* REQUIRED ACTION *
Using the listing below, set down exactly the lines starting at the line that contains "Narcissus longispathus" and ending at the line that contains "Cây vạn lộc", both included, and no others.

* DATA EXCERPTS *
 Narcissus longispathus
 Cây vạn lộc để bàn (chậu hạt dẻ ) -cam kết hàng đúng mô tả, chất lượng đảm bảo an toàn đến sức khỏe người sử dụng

==

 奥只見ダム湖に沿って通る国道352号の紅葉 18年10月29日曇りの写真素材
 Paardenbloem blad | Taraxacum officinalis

* REPLY TO THE TASK *
 Narcissus longispathus
 Cây vạn lộc để bàn (chậu hạt dẻ ) -cam kết hàng đúng mô tả, chất lượng đảm bảo an toàn đến sức khỏe người sử dụng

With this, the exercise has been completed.